Collected material:
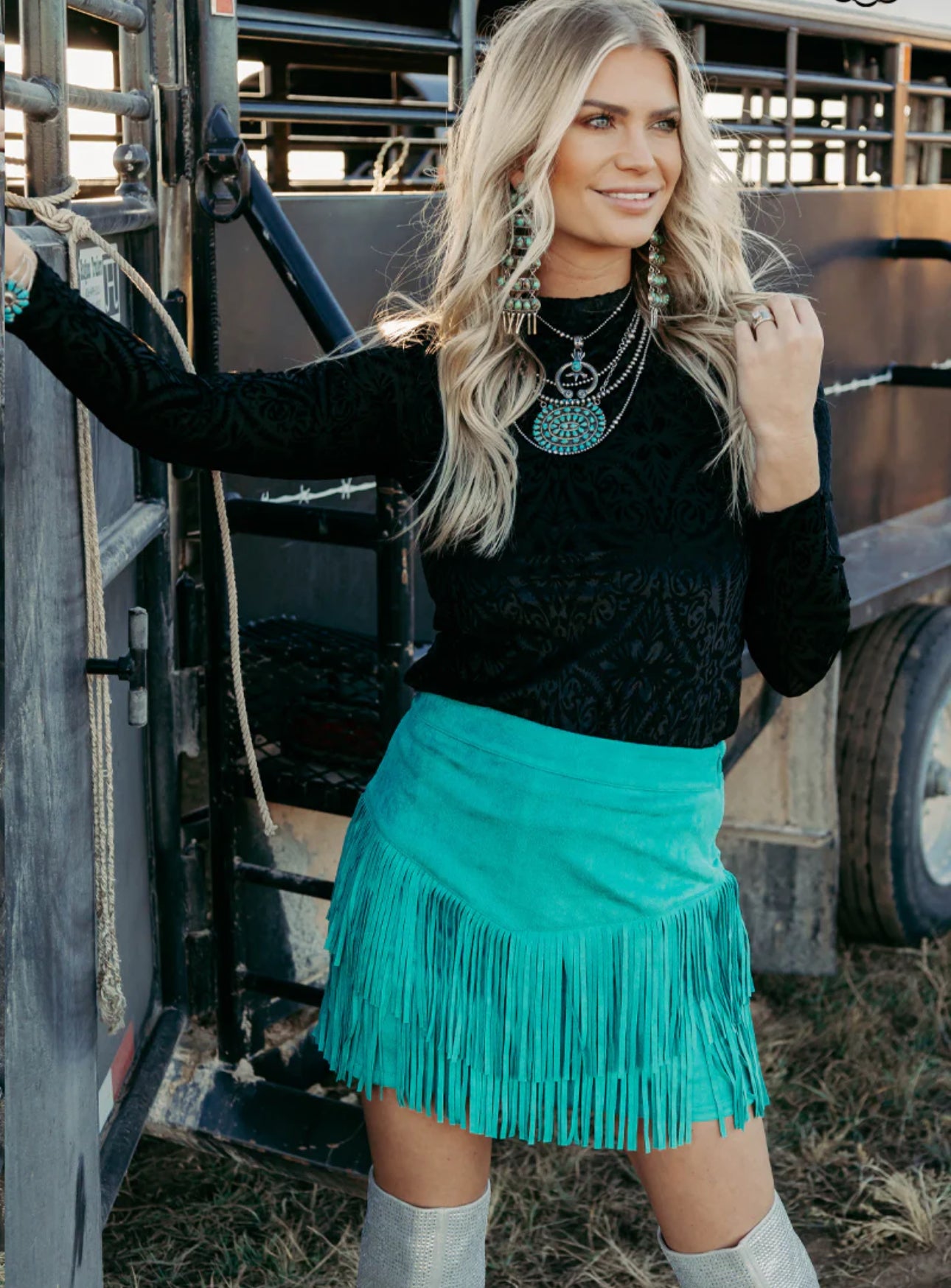 FORT WORTH FRINGE SKIRT TURQUOISE. This skirt has sewn is shorts underneath and a zipper on the side :) These skirts are so soft and comfortable!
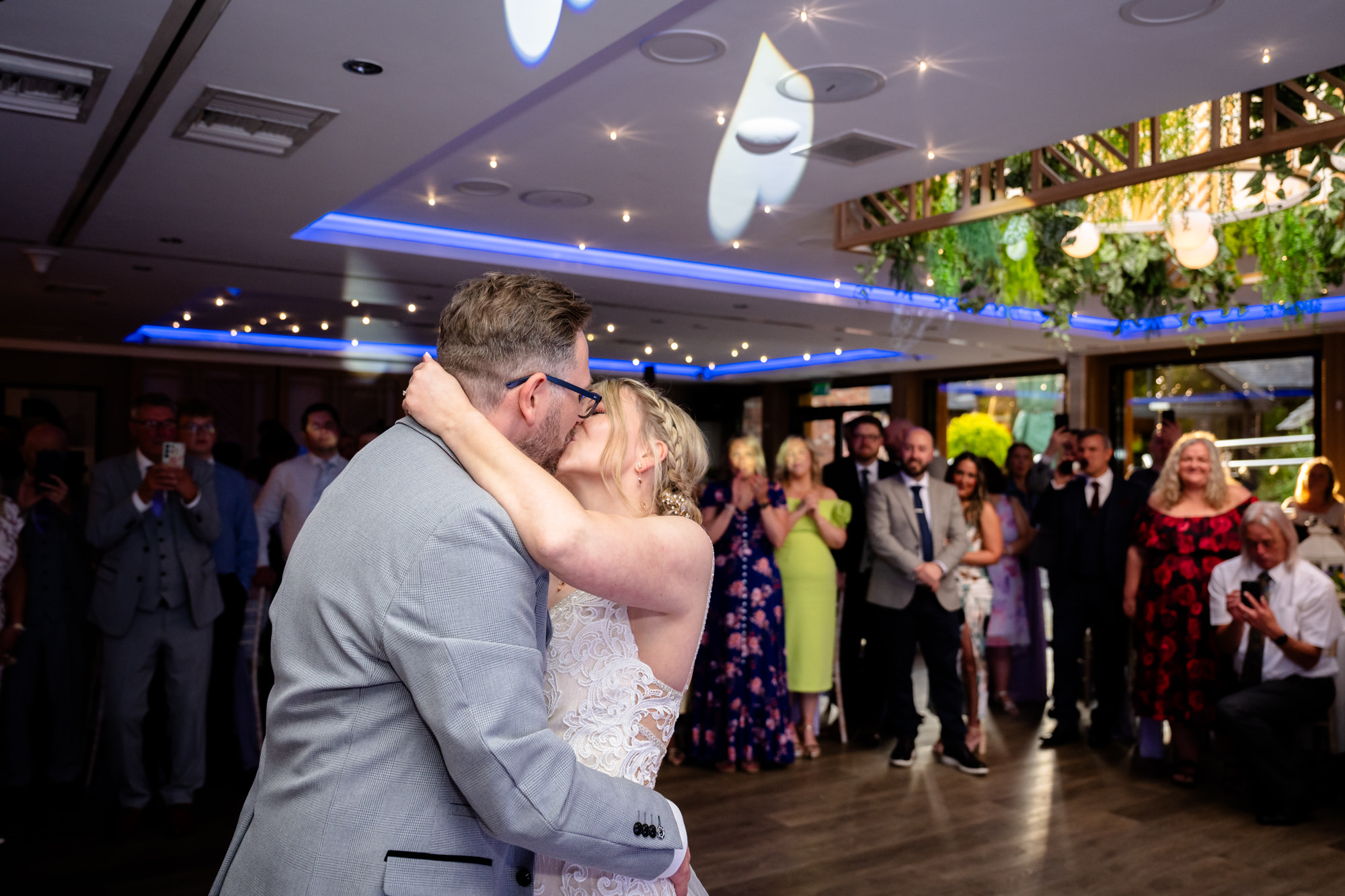 Bride and groom kissing on the dancefloor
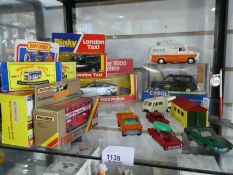 Selection of mostly boxed die cast vehicles. (Dinky and Matchbox)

Required action:
Each line from the one containing "Bride and groom kissing on the dancefloor" through the end of the listing is to be set down exactly, with all pictures left out.

Exercise answer:
 Bride and groom kissing on the dancefloor
 Selection of mostly boxed die cast vehicles. (Dinky and Matchbox)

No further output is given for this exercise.